In Section III, we’ll cover how to get good at something useful, including how to build valuable skills and find the right career for you. We’ll discuss how to avoid wasting years of your career, which skills will be most valuable given AI automation, and also when to trust your gut (and when not to).
In Section IV, we’ll help you tie everything together into a career plan you can feel confident in, and explain how to put it into action. We’ll share why pro and con lists aren’t a good way to compare different paths, why you shouldn’t “keep your options open,” and why the techniques people most often use to get jobs are the least effective.

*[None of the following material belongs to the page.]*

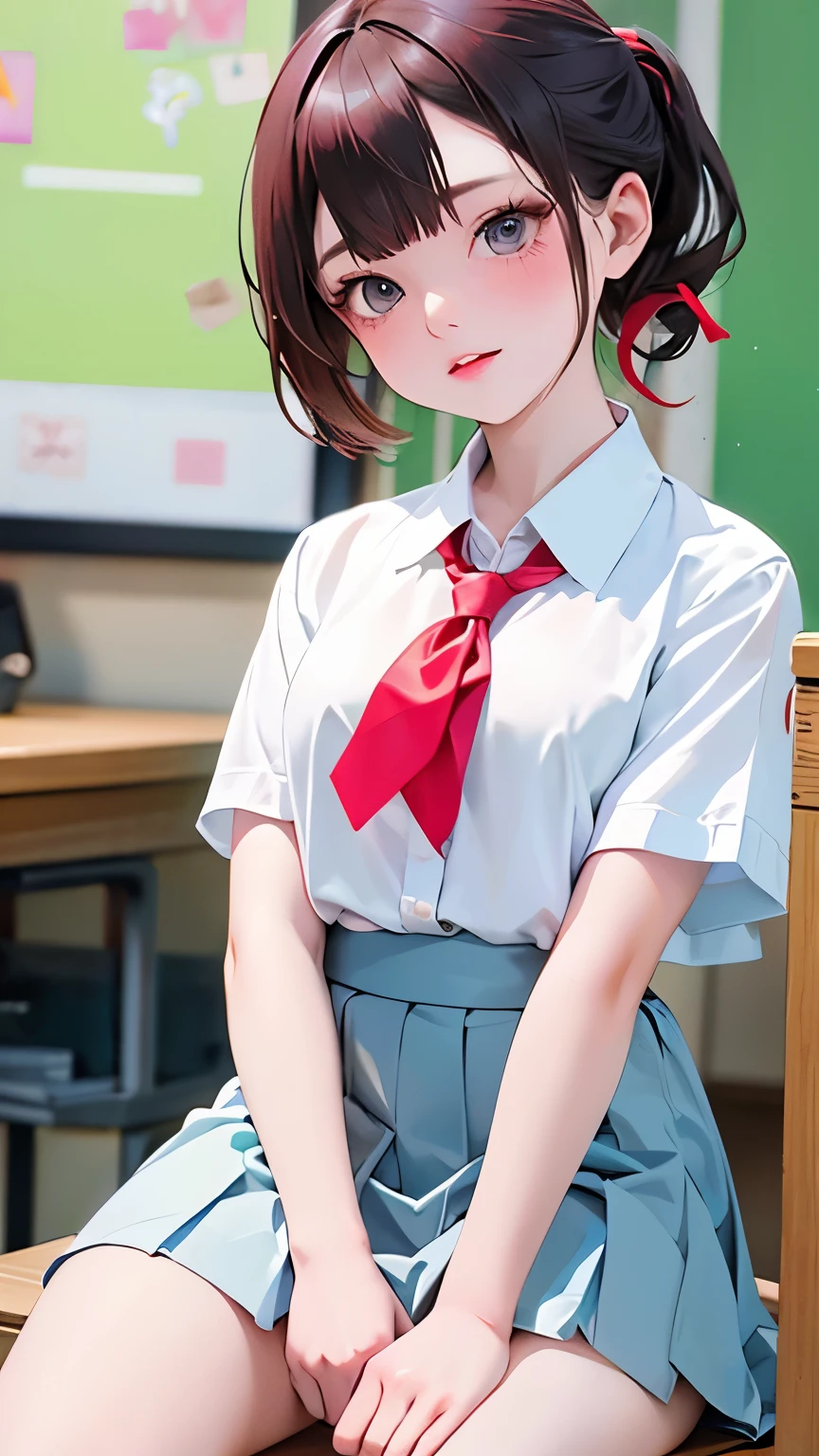 (Tabletop, Highest quality:1.2), 8K, 18-year-old, 85mm, Official Art, RAW Photos, Absurd, White dress shirt, Cute face, close, Upper Body, Viola Lace, Gardenia, beautiful girl, , (Navy Pleated Skirt:1.1), Squeeze the waist, Thighs, Short sleeve, classroom, ponytail、short hair、short hair、sit on bench seat, Looking at the audience, No makeup, (smile:0.4), Film Grain, chromatic aberration, Sharp focus, Face Light, Bright lighting, Teen, Detailed face, Background Blur, (Dark red tie:1.1)、日本の学校のclassroom、classroom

We’ve tried to make this the most rigorous, thoroughly researched guide to choosing a career ever written. While it was initially written for recent graduates with the privilege to be able to focus on their impact, the content has been revised and expanded for people looking to make a mid-career switch and to include more practical advice in the second half. Moreover, the core principles apply to anyone who wants to find a career that’s more fulfilling and impactful.
How to use the guide
Before we begin, here are a few practical notes on how to use the guide:
First, while we hope this guide will save you the many years it took us to write, it’s not the last word. We’ve been wrong before and will be wrong again. Think critically about what makes sense to you.

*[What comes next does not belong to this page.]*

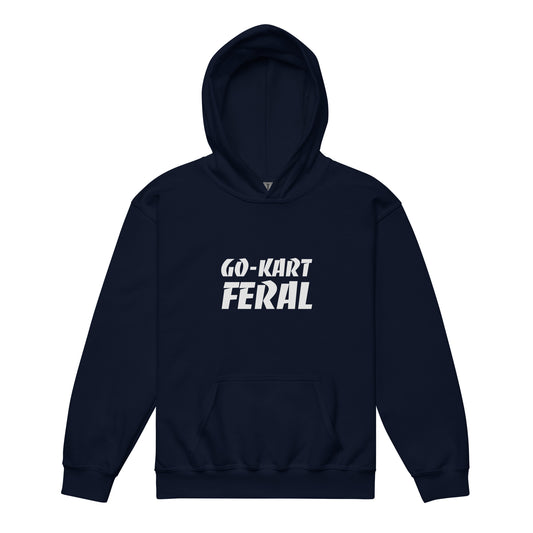 Go-Kart Feral youth karting hoodies are for kids who go wild speeding around a track on a go-kart, and this hoodie makes a great gift.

Second, many questions in career strategy are a matter of balance. For example, while some people need to focus more on building skills, others should stop waiting and try to do something impactful right away. That means those people need to hear opposite messages. We’ll point out the most common mistakes but also try to give you the tools to strike these balances for yourself.
Third, making a big career change takes time, as does tackling big global problems. Aim to take steps in the right direction rather than figure it all out right away. Our team may be able to introduce you to mentors who can help you along your journey.
Fourth, each part ends with some optional exercises to help apply the advice to your own career. If you work through them all, then you’ll have an updated career plan at the end, as well as a clear set of next steps into your new career path.
Finally, if you find our advice helpful, consider telling a friend about us. We’ll mail anyone who signs up to our newsletter a free copy of one of our recommended books (while we can). Just send them this link: 80000hours.org/newsletter/.
A key theme is that your career decisions matter even more than they first seem. Unless you happen to be the heir to a large estate, your career is the single biggest resource you have to contribute to the world. How you choose to use it, therefore, matters vastly more than how many plastic bags you use, how outraged you are about the latest political scandal, or even how much CO2 you personally emit.
But even more importantly, if some of the careers open to you have hundreds of times more impact than others, then with relatively little research and effort compared to the stakes, it will be possible to find a path that’s both more fulfilling, and that does far more good for the world than what you would have done otherwise. It won’t necessarily be easy, but it will be worth it.
Today, ordinary people have access to tools and wealth beyond what even kings and queens could have dreamed of in the past. Our generation has technology that could wreck the climate for thousands of years, trigger a nuclear war, or maybe soon create autonomous AI that’s smarter than us. And yet, if we can survive these challenges and put these resources to good use, we could also end extreme poverty, cure all known diseases, restore the environment, explore space, and eventually understand the universe’s deepest questions.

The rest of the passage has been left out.